- _PROBLEM DESCRIPTION_
Transcribe the records word for word, leaving nothing out.

- _DATA FOR THIS EXERCISE_

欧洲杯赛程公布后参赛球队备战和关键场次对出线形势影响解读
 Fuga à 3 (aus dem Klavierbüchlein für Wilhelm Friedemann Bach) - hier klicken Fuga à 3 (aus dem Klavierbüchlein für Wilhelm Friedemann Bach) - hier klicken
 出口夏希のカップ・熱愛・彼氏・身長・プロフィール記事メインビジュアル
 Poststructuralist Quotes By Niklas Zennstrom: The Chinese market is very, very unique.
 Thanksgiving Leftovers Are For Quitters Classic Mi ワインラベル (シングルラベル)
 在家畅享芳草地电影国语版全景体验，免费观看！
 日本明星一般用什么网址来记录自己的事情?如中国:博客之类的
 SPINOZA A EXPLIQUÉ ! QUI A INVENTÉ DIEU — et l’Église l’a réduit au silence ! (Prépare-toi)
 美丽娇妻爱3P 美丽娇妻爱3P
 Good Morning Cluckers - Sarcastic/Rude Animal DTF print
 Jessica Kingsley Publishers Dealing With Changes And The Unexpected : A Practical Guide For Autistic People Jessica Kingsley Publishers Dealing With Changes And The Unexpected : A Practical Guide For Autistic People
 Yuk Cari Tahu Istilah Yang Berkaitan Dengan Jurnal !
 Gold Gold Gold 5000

- _SOLUTION BELOW_
欧洲杯赛程公布后参赛球队备战和关键场次对出线形势影响解读
 Fuga à 3 (aus dem Klavierbüchlein für Wilhelm Friedemann Bach) - hier klicken Fuga à 3 (aus dem Klavierbüchlein für Wilhelm Friedemann Bach) - hier klicken
 出口夏希のカップ・熱愛・彼氏・身長・プロフィール記事メインビジュアル
 Poststructuralist Quotes By Niklas Zennstrom: The Chinese market is very, very unique.
 Thanksgiving Leftovers Are For Quitters Classic Mi ワインラベル (シングルラベル)
 在家畅享芳草地电影国语版全景体验，免费观看！
 日本明星一般用什么网址来记录自己的事情?如中国:博客之类的
 SPINOZA A EXPLIQUÉ ! QUI A INVENTÉ DIEU — et l’Église l’a réduit au silence ! (Prépare-toi)
 美丽娇妻爱3P 美丽娇妻爱3P
 Good Morning Cluckers - Sarcastic/Rude Animal DTF print
 Jessica Kingsley Publishers Dealing With Changes And The Unexpected : A Practical Guide For Autistic People Jessica Kingsley Publishers Dealing With Changes And The Unexpected : A Practical Guide For Autistic People
 Yuk Cari Tahu Istilah Yang Berkaitan Dengan Jurnal !
 Gold Gold Gold 5000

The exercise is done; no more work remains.